逻辑回归算法实现与评估

在数据科学领域，逻辑回归是一种常用的分类算法，它能够预测二分类问题的结果。尽管使用像scikit-learn这样的库可以方便地实现逻辑回归，但从头开始编写算法能够帮助更深入地理解其背后的数学原理和工作机制。本文将介绍如何使用Python和Numpy库来实现逻辑回归，并评估其性能。

在开始之前，需要导入实现逻辑回归所需的Python库和数据集。本文将使用Numpy库来处理数组操作，并使用scikit-learn的make_classification函数生成一个具有四个特征的分类数据集。


                import numpy as np
                from numpy import log, dot, exp, shape
                import matplotlib.pyplot as plt
                import dataset
                X, y = make_classification(n_features=4, n_classes=2)
                from sklearn.model_selection import train_test_split
                X_tr, X_te, y_tr, y_te = train_test_split(X, y, test_size=0.1)
                print(X_tr.shape, X_te.shape)

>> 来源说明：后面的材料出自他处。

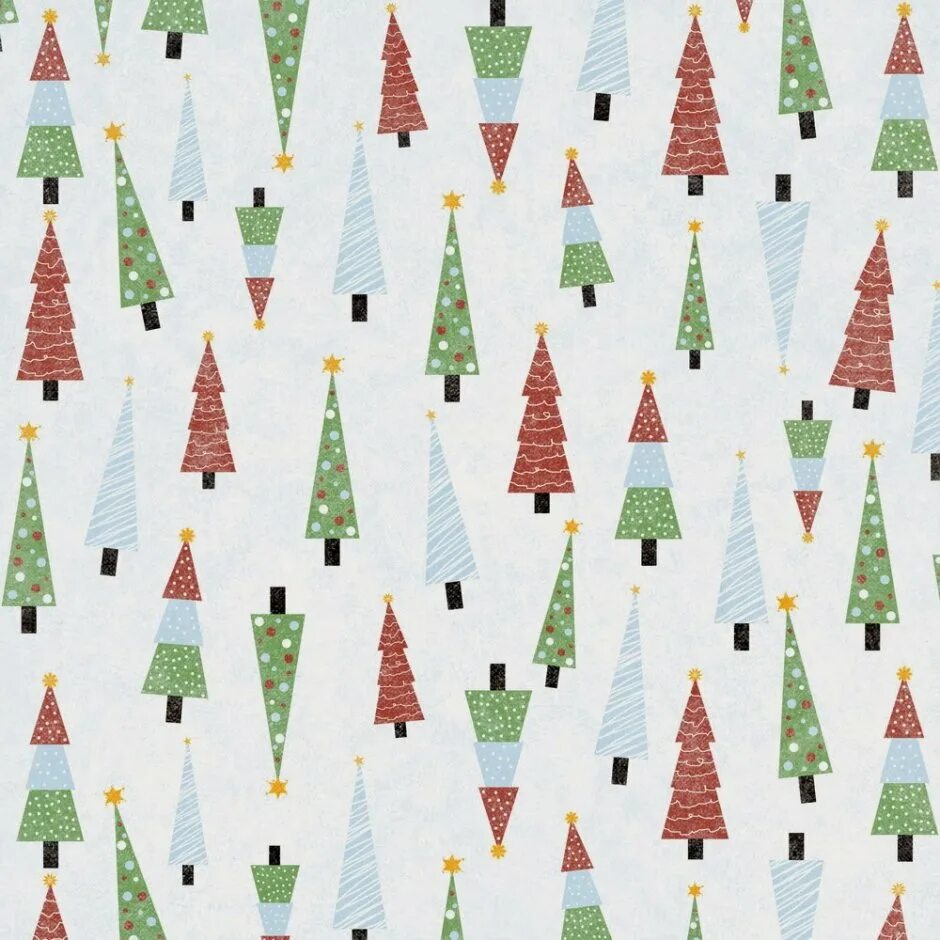 New year pattern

数据标准化是将数据缩放到均值为零、标准差为一的过程。这对于使用梯度下降优化的算法尤为重要，因为不同尺度的特征可能会影响模型的收敛。标准化可以通过以下数学公式实现：


                def standardize(X_tr):
                    for i in range(shape(X_tr)[1]):
                        X_tr[:,i] = (X_tr[:,i] - np.mean(X_tr[:,i]))/np.std(X_tr[:,i])

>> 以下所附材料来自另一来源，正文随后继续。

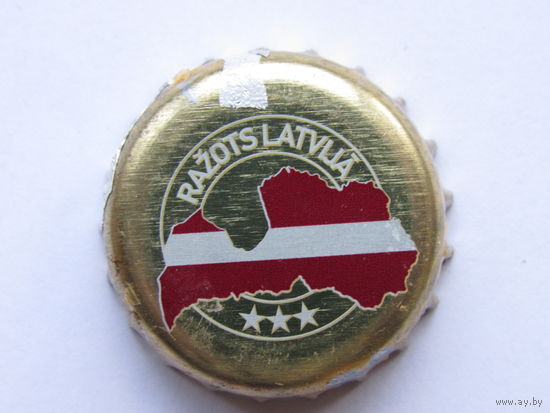 Пивная пробка из ЕС.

在逻辑回归中，需要为特征向量和参数（权重）创建矩阵。特征向量矩阵的维度为mxn，其中m是观测值的数量，n是观测值的维度。参数矩阵的维度为nx1。此外，还需要在特征向量矩阵中添加一列偏置项，并在权重向量中添加相应的参数项。


                def initialize(X):
                    weights = np.zeros((shape(X)[1]+1,1))
                    X = np.c_[np.ones((shape(X)[0],1)),X]
                    return weights, X

在逻辑回归中，Sigmoid函数用于将线性方程的结果限制在0和1之间，这对于二分类问题非常有用。Sigmoid函数的图像在y轴上的截距为0.5，通常使用这个点作为分类的阈值。


                def sigmoid(z):
                    sig = 1/(1+exp(-z))
                    return sig

成本函数用于衡量模型预测值与实际值之间的偏差。对于逻辑回归，通常使用对数损失作为成本函数，因为它是凸函数，更适合梯度下降优化。


                def cost(theta):
                    z = dot(X,theta)
                    cost0 = y.T.dot(log(sigmoid(z)))
                    cost1 = (1-y).T.dot(log(1-sigmoid(z)))
                    cost = -((cost1 + cost0))/len(y)
                    return cost

梯度下降是一种优化算法，用于找到最佳拟合参数。梯度是成本函数的一阶导数向量，表示函数最陡峭的上升方向。在梯度下降中，沿着梯度的反方向更新权重，直到收敛。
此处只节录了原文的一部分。